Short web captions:
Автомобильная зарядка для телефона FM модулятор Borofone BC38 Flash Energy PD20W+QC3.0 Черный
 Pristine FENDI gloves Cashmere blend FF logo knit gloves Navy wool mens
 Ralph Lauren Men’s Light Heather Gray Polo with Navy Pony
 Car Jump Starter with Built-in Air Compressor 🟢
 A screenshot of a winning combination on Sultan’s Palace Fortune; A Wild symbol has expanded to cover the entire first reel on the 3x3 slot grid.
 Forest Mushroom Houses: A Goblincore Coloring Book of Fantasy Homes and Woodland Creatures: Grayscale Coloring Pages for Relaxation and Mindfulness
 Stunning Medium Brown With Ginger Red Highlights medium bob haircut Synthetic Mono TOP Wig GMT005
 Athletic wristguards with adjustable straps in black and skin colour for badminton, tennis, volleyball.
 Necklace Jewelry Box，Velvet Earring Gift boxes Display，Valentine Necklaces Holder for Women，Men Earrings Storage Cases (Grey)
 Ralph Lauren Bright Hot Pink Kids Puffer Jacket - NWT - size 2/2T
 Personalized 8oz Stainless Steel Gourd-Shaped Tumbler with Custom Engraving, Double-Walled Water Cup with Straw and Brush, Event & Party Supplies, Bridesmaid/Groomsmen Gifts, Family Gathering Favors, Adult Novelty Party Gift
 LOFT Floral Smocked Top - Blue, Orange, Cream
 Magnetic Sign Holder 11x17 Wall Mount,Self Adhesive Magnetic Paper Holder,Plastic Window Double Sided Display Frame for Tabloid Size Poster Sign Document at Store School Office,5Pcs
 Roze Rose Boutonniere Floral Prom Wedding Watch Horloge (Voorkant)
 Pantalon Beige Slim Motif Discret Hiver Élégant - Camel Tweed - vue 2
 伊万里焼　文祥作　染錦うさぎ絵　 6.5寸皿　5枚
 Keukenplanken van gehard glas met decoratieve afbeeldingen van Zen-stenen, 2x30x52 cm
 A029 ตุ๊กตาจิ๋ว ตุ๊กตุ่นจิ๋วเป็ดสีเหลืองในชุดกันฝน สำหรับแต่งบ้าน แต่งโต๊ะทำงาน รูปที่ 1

- YOUR OBJECTIVE
Output an exact copy of the lines from the one holding "伊万里焼　文祥作　染錦うさぎ絵　 6.5寸皿　5枚" to the last line of the data, inclusive, and nothing beyond that range.

- ANSWER TO THIS TASK
 伊万里焼　文祥作　染錦うさぎ絵　 6.5寸皿　5枚
 Keukenplanken van gehard glas met decoratieve afbeeldingen van Zen-stenen, 2x30x52 cm
 A029 ตุ๊กตาจิ๋ว ตุ๊กตุ่นจิ๋วเป็ดสีเหลืองในชุดกันฝน สำหรับแต่งบ้าน แต่งโต๊ะทำงาน รูปที่ 1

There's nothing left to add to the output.